谈恋爱和接受审查,前者是喜,后者为忧。对于这两者,叶群的反应有一个共同的特点,即夸张、作秀。林彪追她,这是值得夸耀的事,于是,她就骂林彪,并将林彪的信公之于众,借以抬高自己。整风审查历史,其中有一些是不太光彩的事,于是 ,她就又哭又闹,装疯卖傻,借以博得人们的同情。俗话说:人生如戏。叶群就是一个将人生当作演戏的演员。

和林彪一起揣摩毛泽东的心思

1953年“高饶事件”之后,毛泽东提出:“林彪要准备到中央来工作。来中央之前,要注意熟悉全局,熟悉中央工作情况、人事情况,特别重要的是要认真读十来本马列主义的书。我认为他这个人的思想还比较深刻,但光有这点是不行的。一个负重要职责的高级干部,知识总要广一点才行,要渊博,光渊不博是不行的。

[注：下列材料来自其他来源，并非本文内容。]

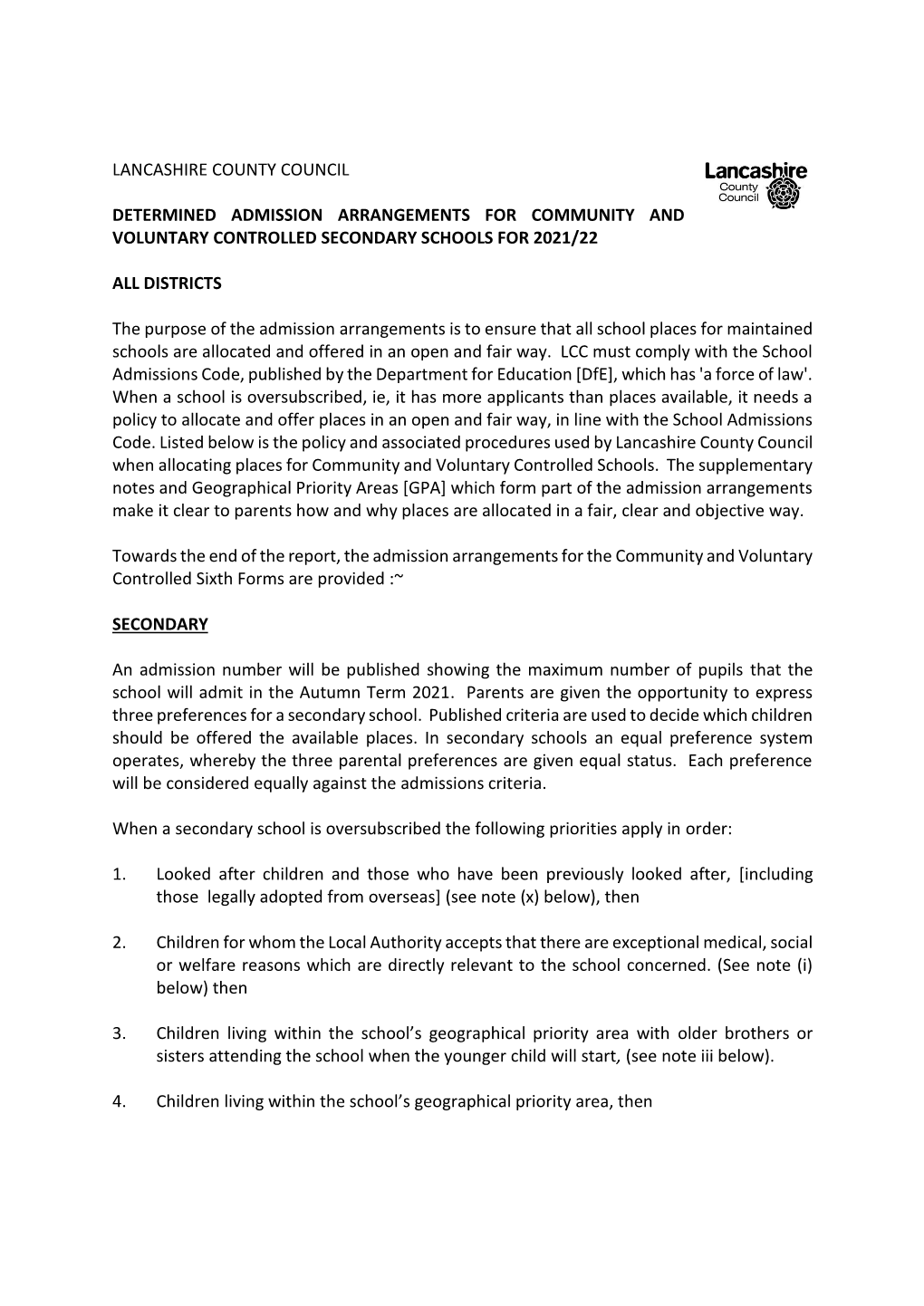 Admissions Arrangements 2021/22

”毛泽东让一名负责干部把他的话向林彪传达。林彪听了后既喜又惧。

“高饶事件”后,林彪从消极方面接受了教训。他曾两度到过苏联,对斯大林整托洛茨基、季诺维也夫、布哈林一拨一拨的党内斗争印象颇深。他和叶群都非常喜欢看中国历史和历史题材的小说,研究如何处理高层领导的关系。林彪十分关注历代开国将帅的命运。他和叶群在笔记中曾抄录唐玄宗李隆基的话:“西汉诸将,以权贵不全;南阳故人,以悠闲自保。”他们似乎对进入高层很是忧虑。但他读到曹操当丞相后认为自己已成“骑虎难下”之势时,在书上批了一句:“不要轻易骑上去。”他加了一个副词“轻易”,说明还有“骑上去”的欲念,不能做到六根清净。他还抄录了《三国演义》中歌颂刘备困处曹营“巧借闻雷来掩饰,随机应变信如神”的诗句,把自己比作刘备。

1957年夏,林彪一家到北戴河疗养。当时,来北戴河的领导干部很多。叶群特地交代工作人员嘴巴要严,不能随便向外人讲林彪家里的情况,即便是对中央办公厅和军委办公厅的人也不能讲。林彪家里的所有工作人员都严格执行,唯恐出错。

有一天,叶群突然动员大家出去洗洗海水浴,跳跳舞,看看电影。秘书吴欣峰正纳闷,叶群说出了真实用意:“不过你们可不能光玩。给你们一个任务,就是要注意观察其他首长的言行,回来向我和首长说说。”

几天后,叶群果然要听汇报。她坐在凉亭下的躺椅上,林彪则低着头在附近来回踱步。工作人员站立在叶群周围,都没有什么好说的,只好拿“毛主席游泳真行,一游就是两三个小时”之类的话来搪塞。

1958年5月25日,在中共八届五中全会上,林彪被增选为中共中央副主席,排名第六。

此时,林彪的思想逐渐向“骑上去”倾斜。为了趋利避害,林彪作了长期的观察和思考。叶群充当他的助手,倾听他的诉说,不时作一点补充,进行一些讨论,最后将他的心得记录下来。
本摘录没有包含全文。